Refugees International visited Kuwait to assess the
condition of statelessness faced by bidun (meaning ‘without’ in Arabic) and evaluate government efforts to remedy this denial of basic human
rights. We found few tangible changes.
Cars in Kuwait City: Kuwait, a small oil-rich country, is bordered by Saudi Arabia, Iraq and Iran. The difficult negotiations of the Ugair Conference that fixed the borders between Kuwait and its neighbors in 1922 hinted at the nascent problem of Kuwait’s stateless. Housing for Bidun: Many bidun are descendants of Bedouin tribes who once moved freely across what are now national borders. Those whose ancestors could not prove that they were settled in the country were classified as stateless and today live in fetid housing projects. Roadside Stand: Bidun in Kuwait cannot access healthcare or education. They are not permitted to own property, or register a car. Bidun are also denied formal employment and find odd jobs where they can, such as polishing coffeepots at roadside stands as pictured here. Bidun Without Work: Recent proposals that some police, nurse, and teacher positions be opened to the bidun have not been realized.
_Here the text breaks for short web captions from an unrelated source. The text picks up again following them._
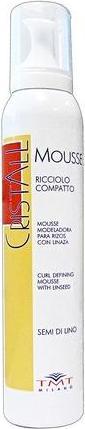 Image du produit Schwarzkopf Glooke Selected Styling & Finish Cristall Mousse Ricciosa Compatto 200 Ml (200 ml, Mousse coiffante)
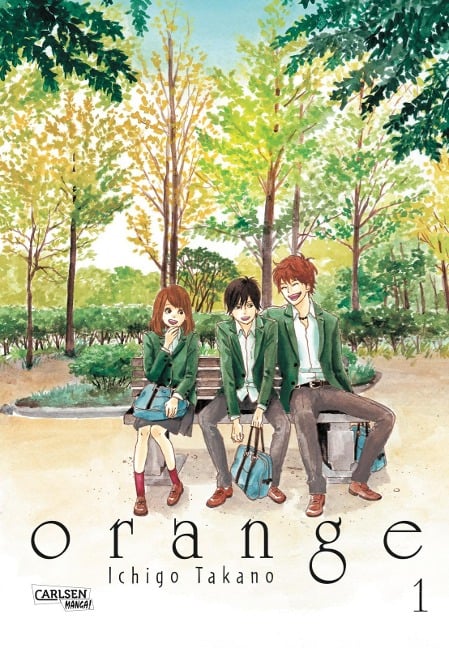 Orange, Band 1 - Ichigo Takano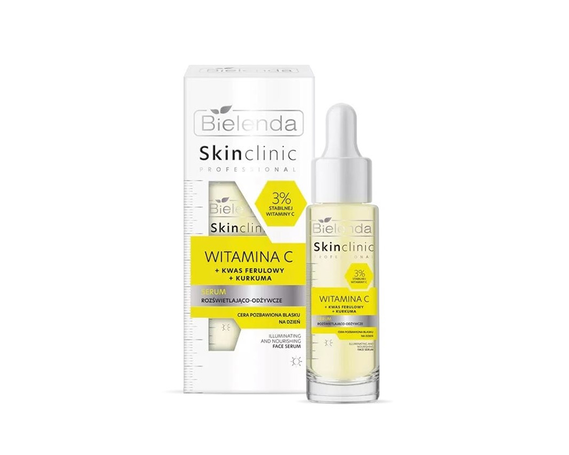 SKIN CLINIC PROFESSIONAL Питательная сыворотка с витамином С купить в Минске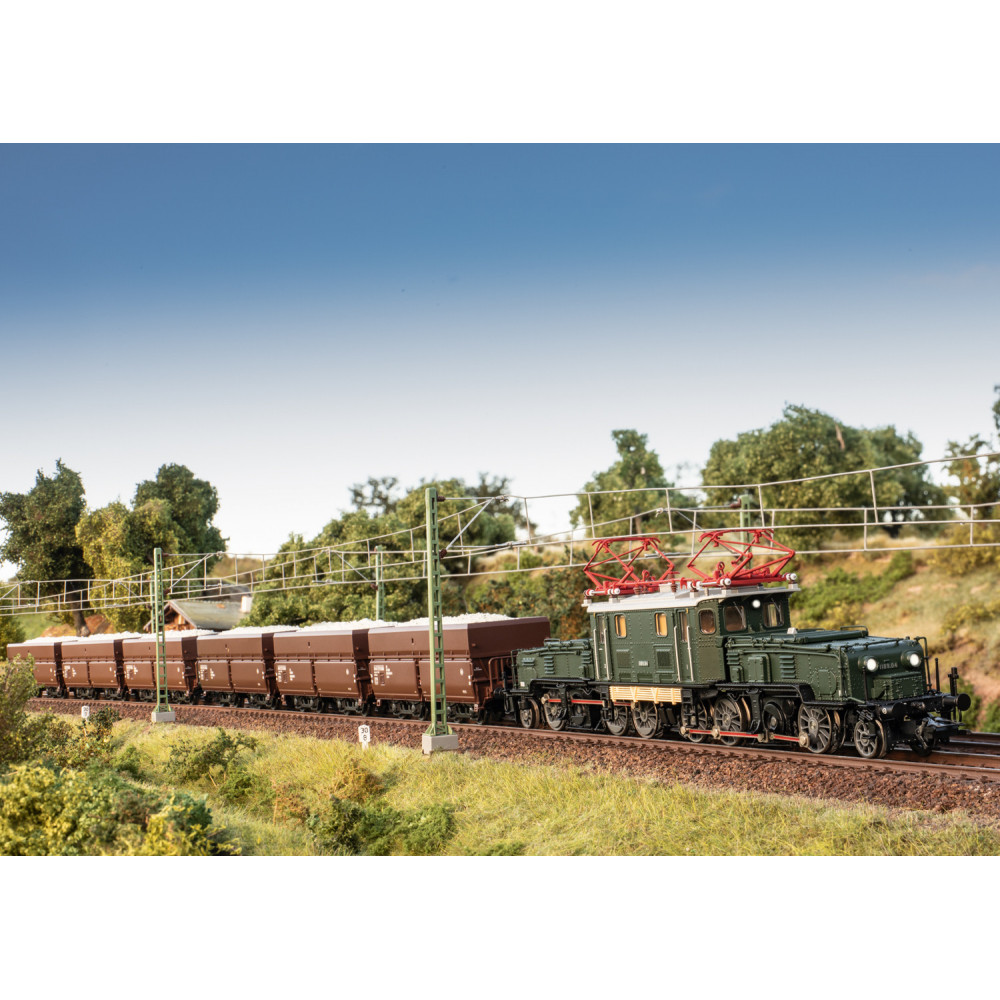 Loco électrique CROCODILE ÖBB 1189 DCC Son 1/87 TRIX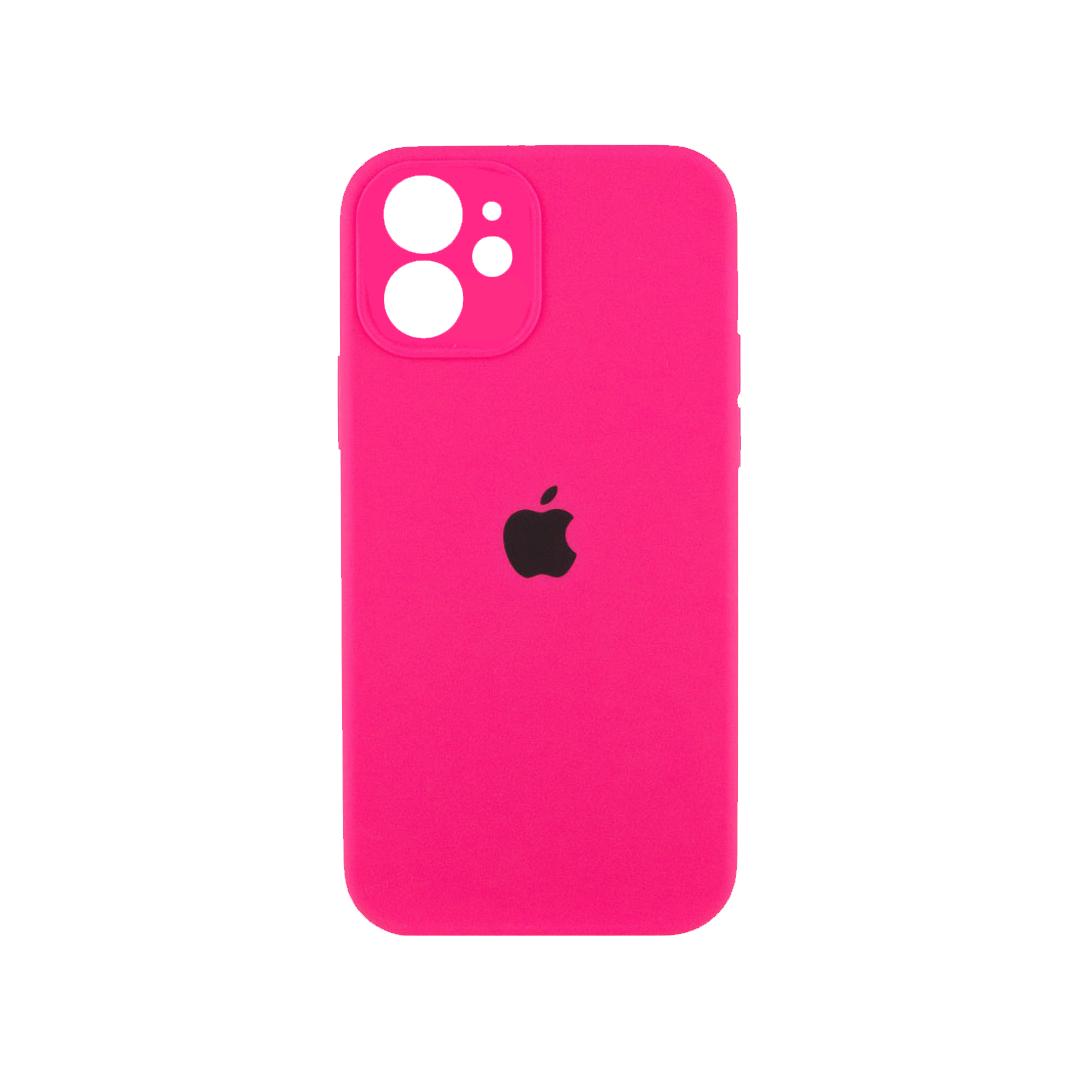 Carcasa Silicona iPhone 12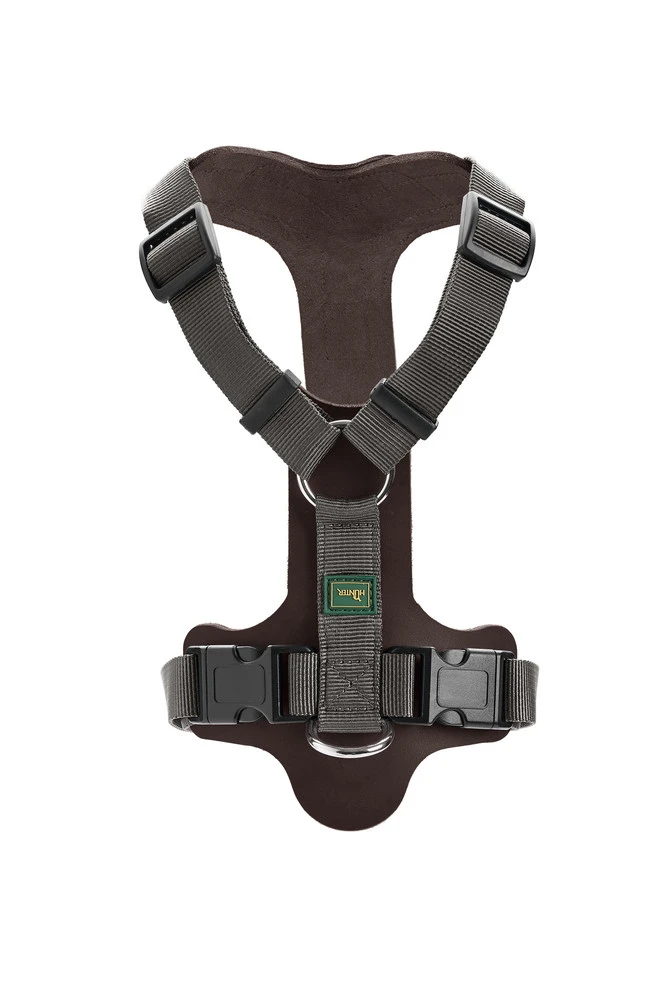 Hunter Geschirr Aalborg Mixed Leder/Nylon 4 Hunter Geschirr Aalborg Mixed Leder/Nylon – Bild 2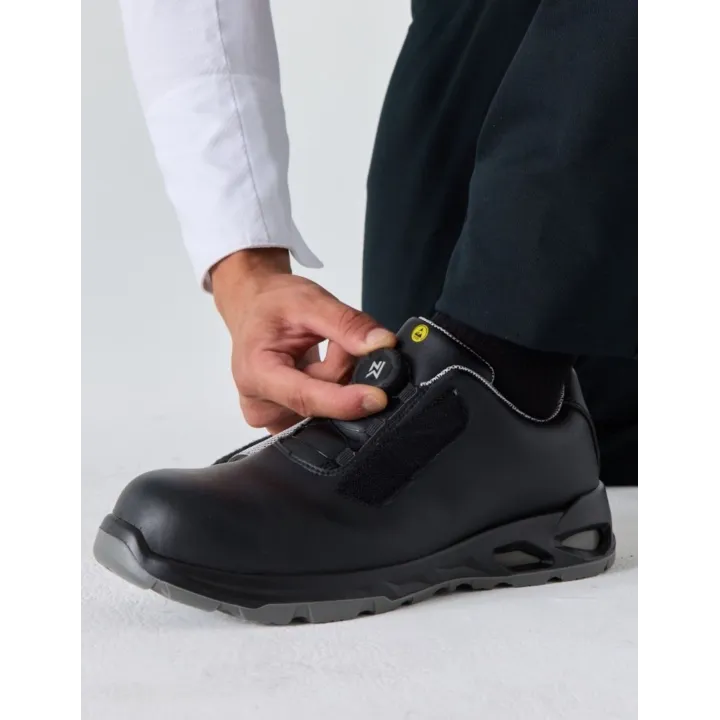Mocassins De Securite Avec Coque Nlock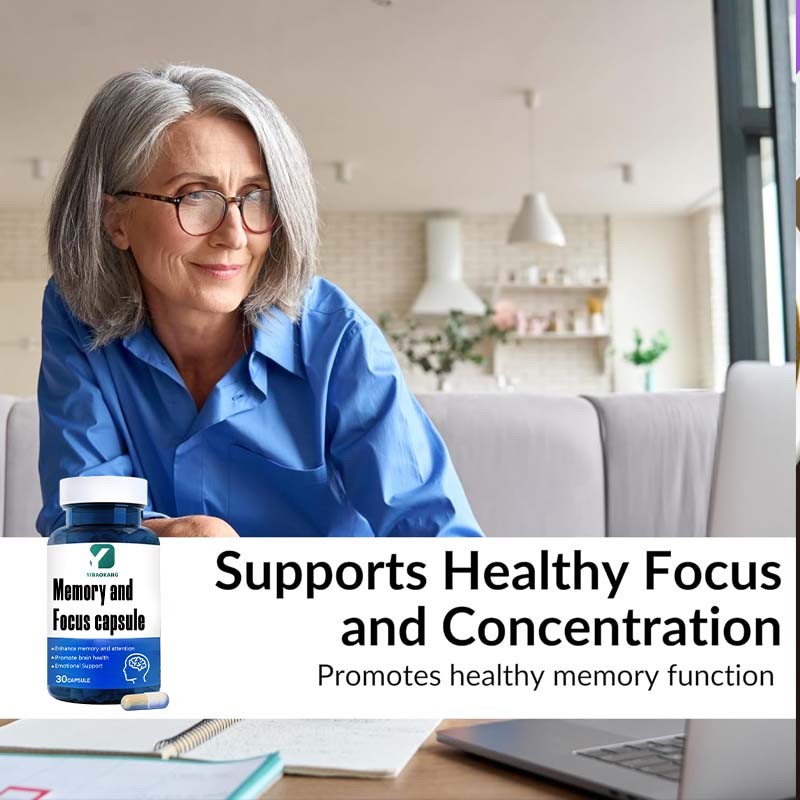 Memory Focus Capsule Supplier - Brain Health Supplement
Necessity forces them to seek livelihoods in the informal economy – hawking fruit, vegetables, and other goods on the street. Parliament Begins to Recognize the Bidun: It’s all talk and no action to solve the situation of the bidun. A new proposal in the Kuwaiti Parliament aims to honor some civil and social rights of the bidun, but it does not address the underlying problem of the need to regularize their legal status.